CAN YOU NAME a healthy snack? When asked that question, you may reply, “like fruit or salads?” The term “healthy snacks” is a misnomer. No food that is eaten between meals is healthy for the body unless you have a medical condition which requires it—and diabetes is not one of them! In fact, the reason many people have type 2 diabetes is because of between-meal snacking. “It is quite a common custom with the people of the world to eat three times a day, besides eating at irregular intervals between meals; and the last meal is generally the most hearty, and is often taken just before retiring. This is reversing the natural order; a hearty meal should never be taken so late in the day. Should these persons change their practice, and eat but two meals a day, and nothing between meals, not even an apple, a nut, or any kind of fruit, the result would be seen in a good appetite and greatly improved health." (Healthful Living, p. 84) But there is one substance which can be freely consumed between meals, WATER! In fact you may think you are hungry and must eat when the cause of the perceived hunger pang is dehydration, and drinking 12 ounces of water may drown that hunger perception! And as you know, water contains no calories so it’s the perfect between-meal “food.” So enjoy “Adam’s Ale” to the fullest between meals to improve your health.

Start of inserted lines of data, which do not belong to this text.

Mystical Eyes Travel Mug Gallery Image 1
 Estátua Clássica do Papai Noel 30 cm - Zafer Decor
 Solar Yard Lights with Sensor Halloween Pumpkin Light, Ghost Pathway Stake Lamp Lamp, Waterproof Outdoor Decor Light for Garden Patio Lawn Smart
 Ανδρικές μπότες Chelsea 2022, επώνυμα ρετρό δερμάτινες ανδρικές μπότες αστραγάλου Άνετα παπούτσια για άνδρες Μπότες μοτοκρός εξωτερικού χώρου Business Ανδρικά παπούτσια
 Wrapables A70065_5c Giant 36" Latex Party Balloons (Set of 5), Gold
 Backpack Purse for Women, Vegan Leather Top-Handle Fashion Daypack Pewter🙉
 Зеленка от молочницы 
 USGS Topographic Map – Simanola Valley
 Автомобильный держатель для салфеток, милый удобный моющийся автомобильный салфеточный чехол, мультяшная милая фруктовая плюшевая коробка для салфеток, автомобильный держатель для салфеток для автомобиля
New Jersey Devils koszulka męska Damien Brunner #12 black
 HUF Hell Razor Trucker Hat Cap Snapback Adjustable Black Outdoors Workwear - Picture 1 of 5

WITH THE ADVENT of artificial sweeteners, you can eat or drink calorie-free foods and beverages between meals and still not gain weight, right? WRONG! In Fox News online published April 1, 2012, Dr. Manny Alvarez, senior managing health editor of FoxNews.com responds to the question, “I drink a few cans of diet soda every day. Could this be bad for my health?” His response, “According to recent studies, diet soda may be linked with an increased risk of stroke. Prior research has already linked soda with obesity, kidney damage and certain cancers. Just because it says ‘diet,’ doesn’t mean its healthy or the key to losing weight,” Alvarez warned. Using artificial sweetener actually stimulates appetite and leads to weight gain rather than weight loss. “The San Antonio Heart Study examined 3,682 adults over a seven- to eight-year period in the 1980s. When matched for initial body mass index (BMI), gender, ethnicity, and diet, drinkers of artificially sweetened beverages consistently had higher BMIs at follow-up, which was dose dependent, (the more artificially sweetened beverages used, the higher the weight gain)." (Obesity, 2008; 16:1894–1900.) So eliminate those artificially sweetened beverages and foods to achieve your goal in losing weight.